■ **Records provided**
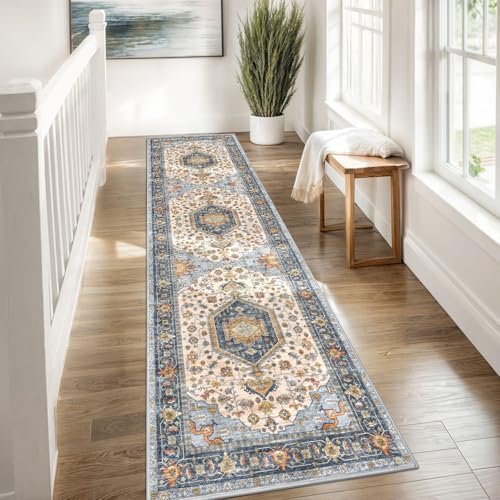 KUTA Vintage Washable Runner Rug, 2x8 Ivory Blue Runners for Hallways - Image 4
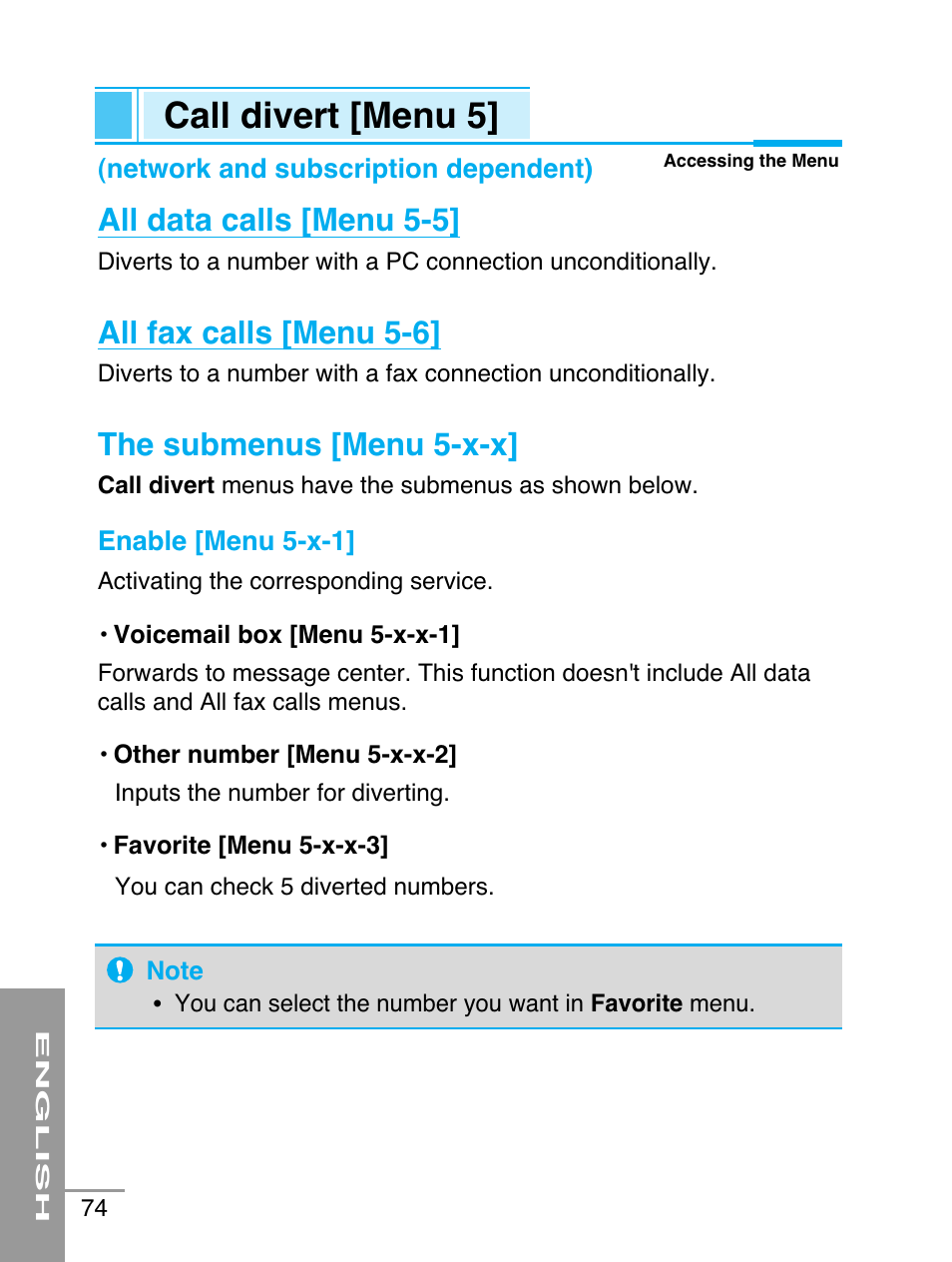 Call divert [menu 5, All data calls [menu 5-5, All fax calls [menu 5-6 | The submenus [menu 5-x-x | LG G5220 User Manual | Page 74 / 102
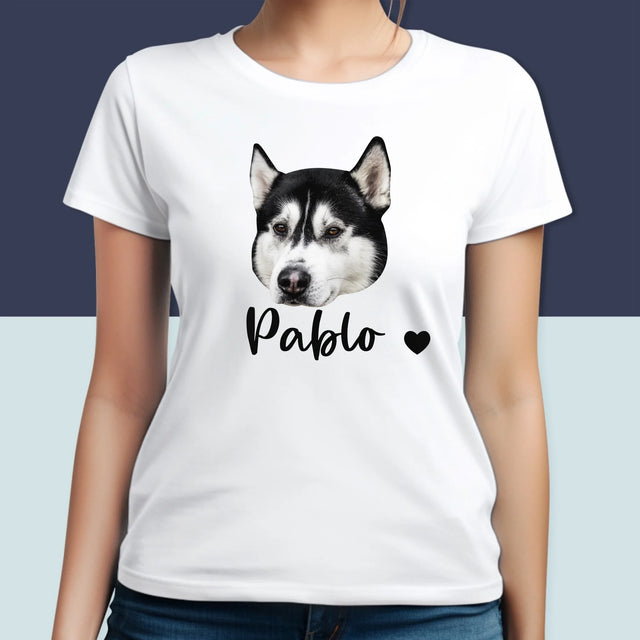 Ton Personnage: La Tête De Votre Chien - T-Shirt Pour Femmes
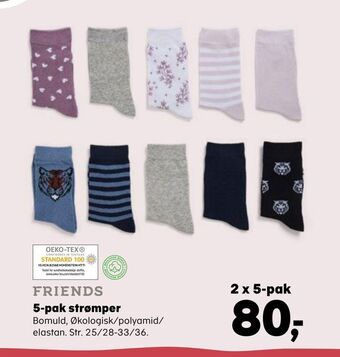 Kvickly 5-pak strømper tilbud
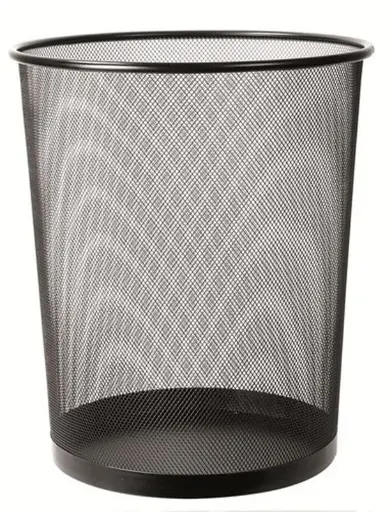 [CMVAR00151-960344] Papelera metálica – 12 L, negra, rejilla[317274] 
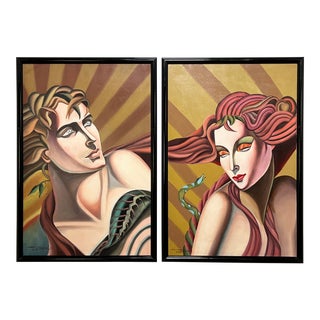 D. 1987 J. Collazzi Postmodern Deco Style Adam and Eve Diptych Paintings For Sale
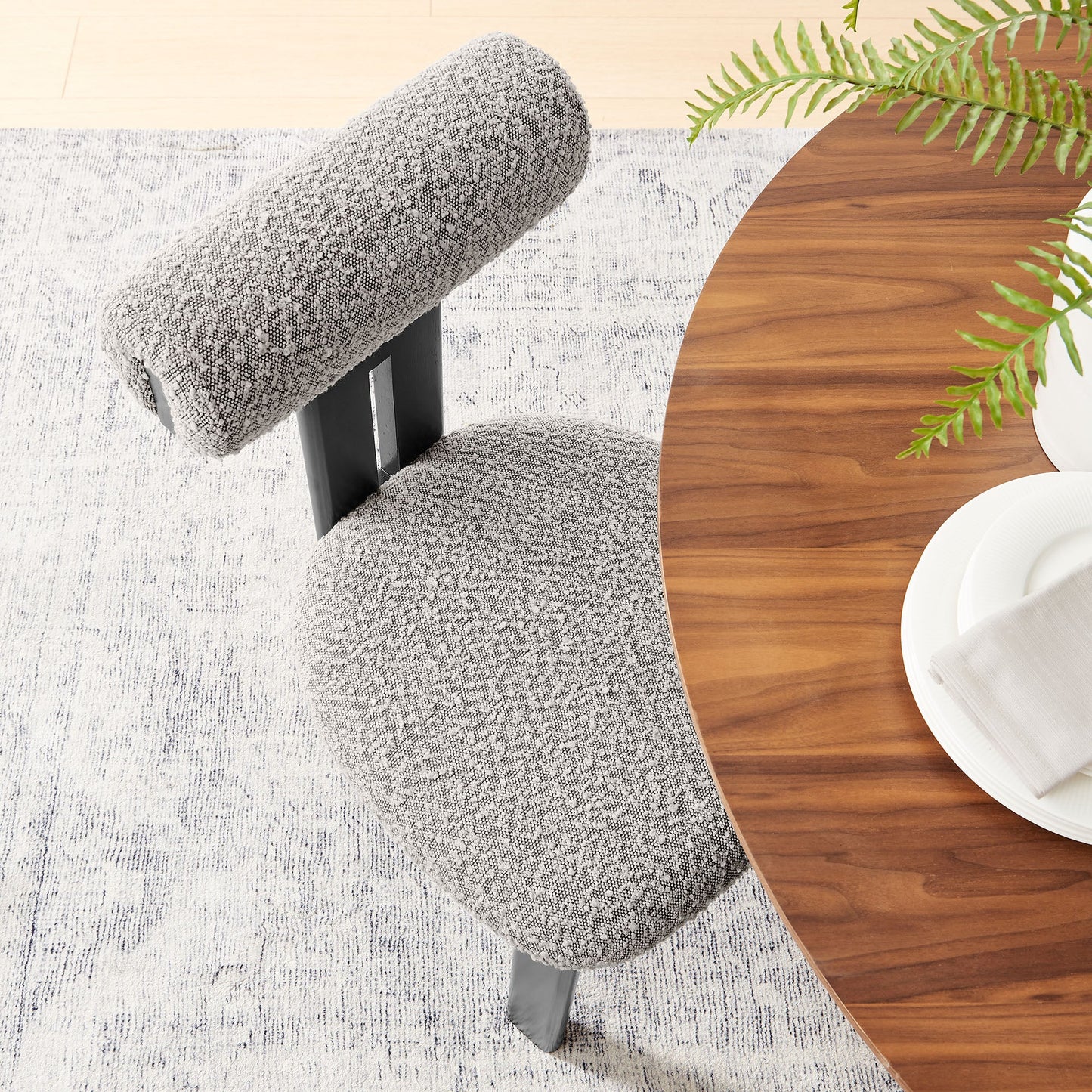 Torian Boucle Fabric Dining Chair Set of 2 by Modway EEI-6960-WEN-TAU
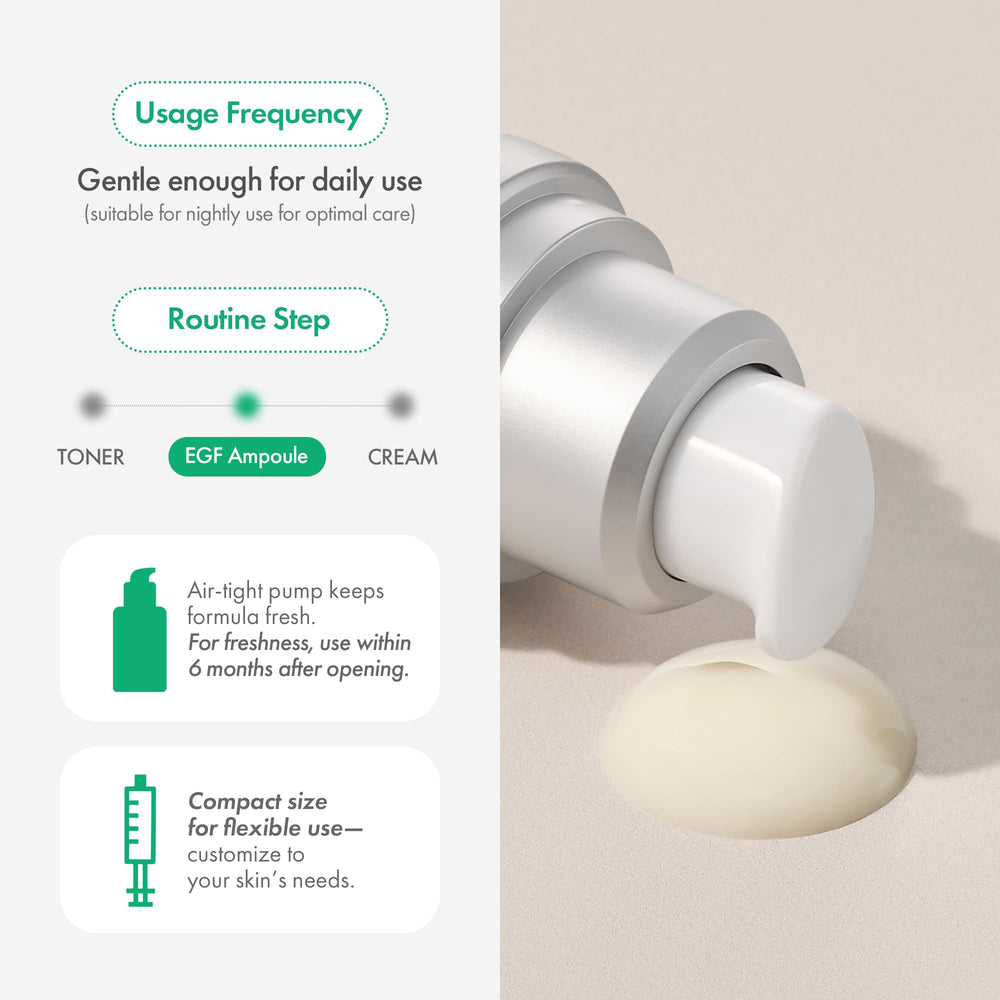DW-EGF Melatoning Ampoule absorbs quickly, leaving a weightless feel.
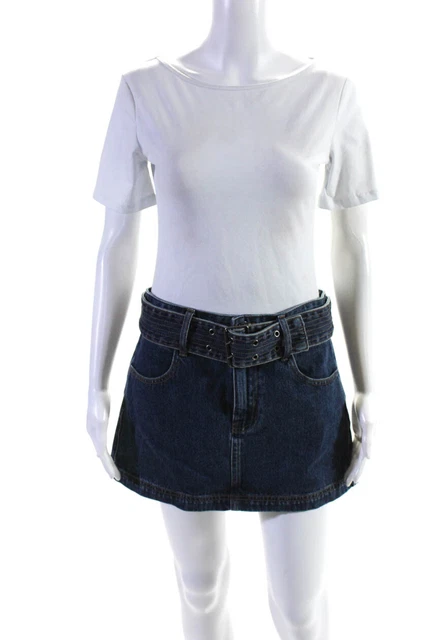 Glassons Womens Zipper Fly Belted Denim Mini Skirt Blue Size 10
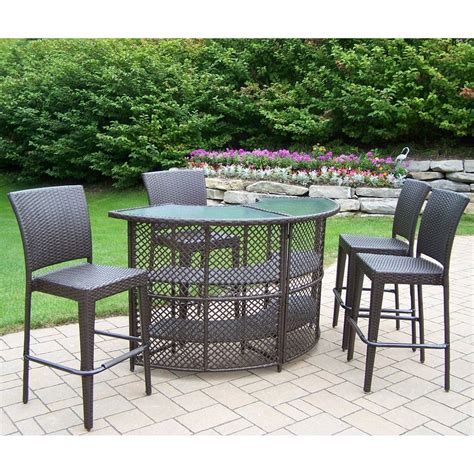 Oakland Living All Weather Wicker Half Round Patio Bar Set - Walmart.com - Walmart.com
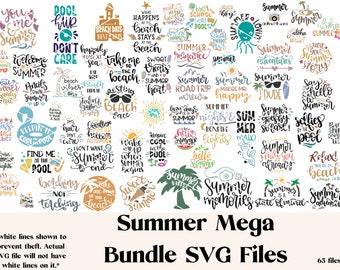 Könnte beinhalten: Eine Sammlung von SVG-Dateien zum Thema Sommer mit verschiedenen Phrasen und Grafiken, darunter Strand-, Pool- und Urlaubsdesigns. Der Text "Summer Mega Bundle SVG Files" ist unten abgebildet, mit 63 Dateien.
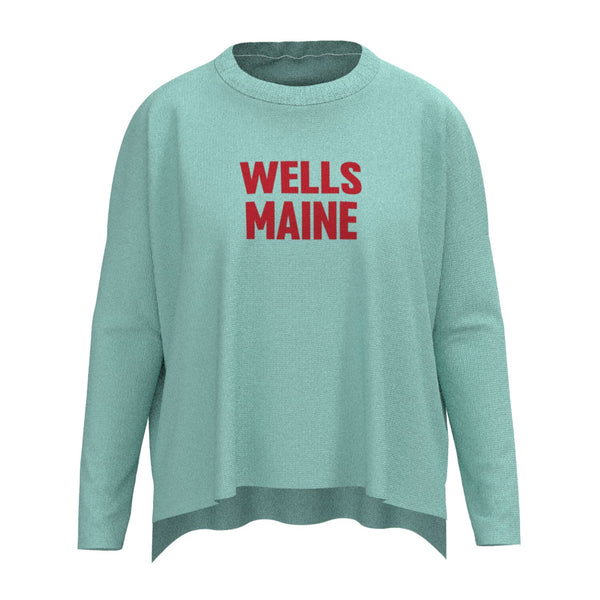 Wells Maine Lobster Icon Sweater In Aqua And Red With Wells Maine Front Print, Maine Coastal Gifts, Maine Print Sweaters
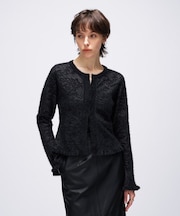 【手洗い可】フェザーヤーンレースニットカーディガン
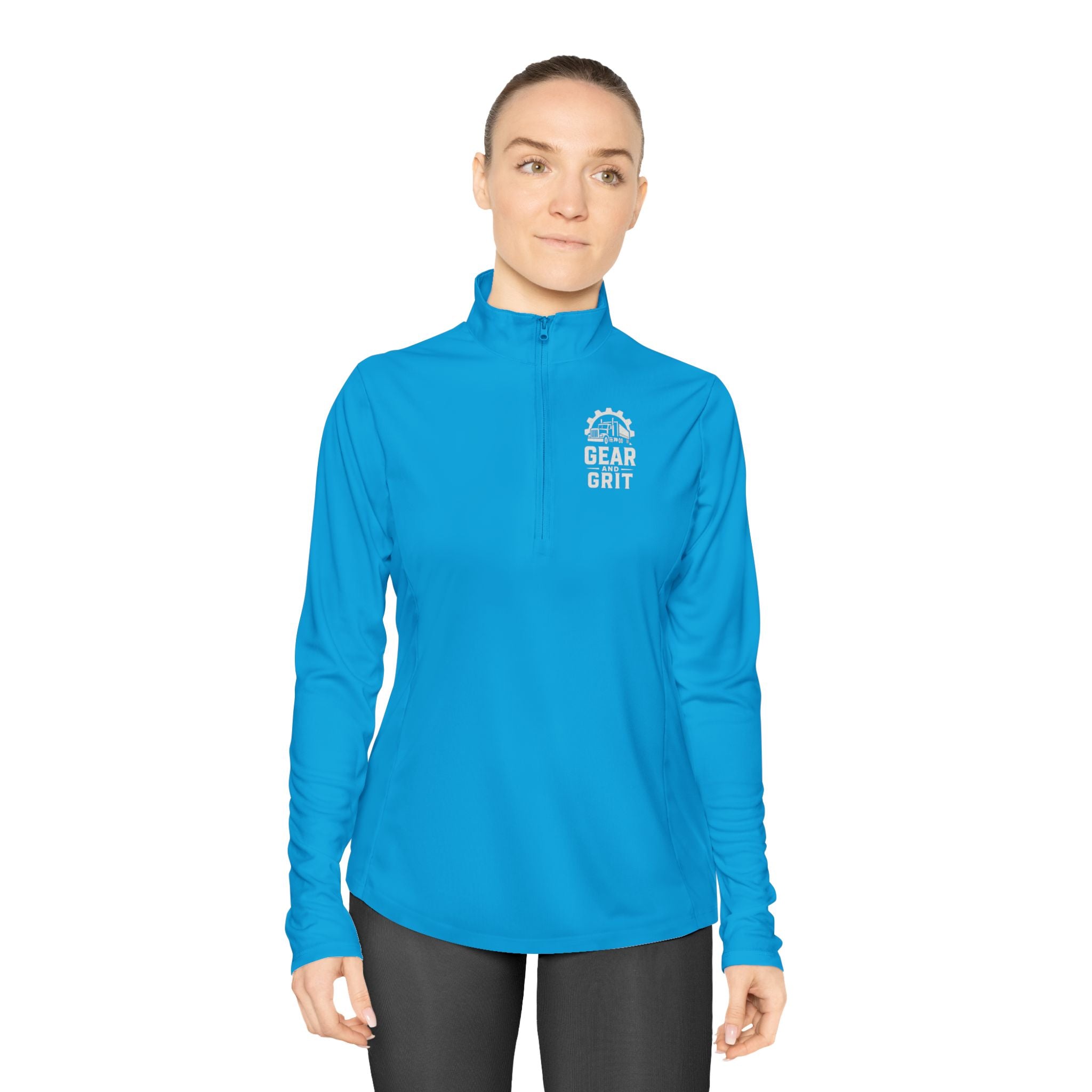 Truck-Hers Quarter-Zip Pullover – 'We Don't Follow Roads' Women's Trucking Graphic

■ **Problem to work on**
Reproduce each record above by retyping it exactly; omit all images.

■ **Solution to this problem**
 KUTA Vintage Washable Runner Rug, 2x8 Ivory Blue Runners for Hallways - Image 4
 Call divert [menu 5, All data calls [menu 5-5, All fax calls [menu 5-6 | The submenus [menu 5-x-x | LG G5220 User Manual | Page 74 / 102
 Ton Personnage: La Tête De Votre Chien - T-Shirt Pour Femmes
 Kvickly 5-pak strømper tilbud
 [CMVAR00151-960344] Papelera metálica – 12 L, negra, rejilla[317274] 
 D. 1987 J. Collazzi Postmodern Deco Style Adam and Eve Diptych Paintings For Sale
 Torian Boucle Fabric Dining Chair Set of 2 by Modway EEI-6960-WEN-TAU
DW-EGF Melatoning Ampoule absorbs quickly, leaving a weightless feel.
 Glassons Womens Zipper Fly Belted Denim Mini Skirt Blue Size 10
 Oakland Living All Weather Wicker Half Round Patio Bar Set - Walmart.com - Walmart.com
 Könnte beinhalten: Eine Sammlung von SVG-Dateien zum Thema Sommer mit verschiedenen Phrasen und Grafiken, darunter Strand-, Pool- und Urlaubsdesigns. Der Text "Summer Mega Bundle SVG Files" ist unten abgebildet, mit 63 Dateien.
 Wells Maine Lobster Icon Sweater In Aqua And Red With Wells Maine Front Print, Maine Coastal Gifts, Maine Print Sweaters
 【手洗い可】フェザーヤーンレースニットカーディガン
 Truck-Hers Quarter-Zip Pullover – 'We Don't Follow Roads' Women's Trucking Graphic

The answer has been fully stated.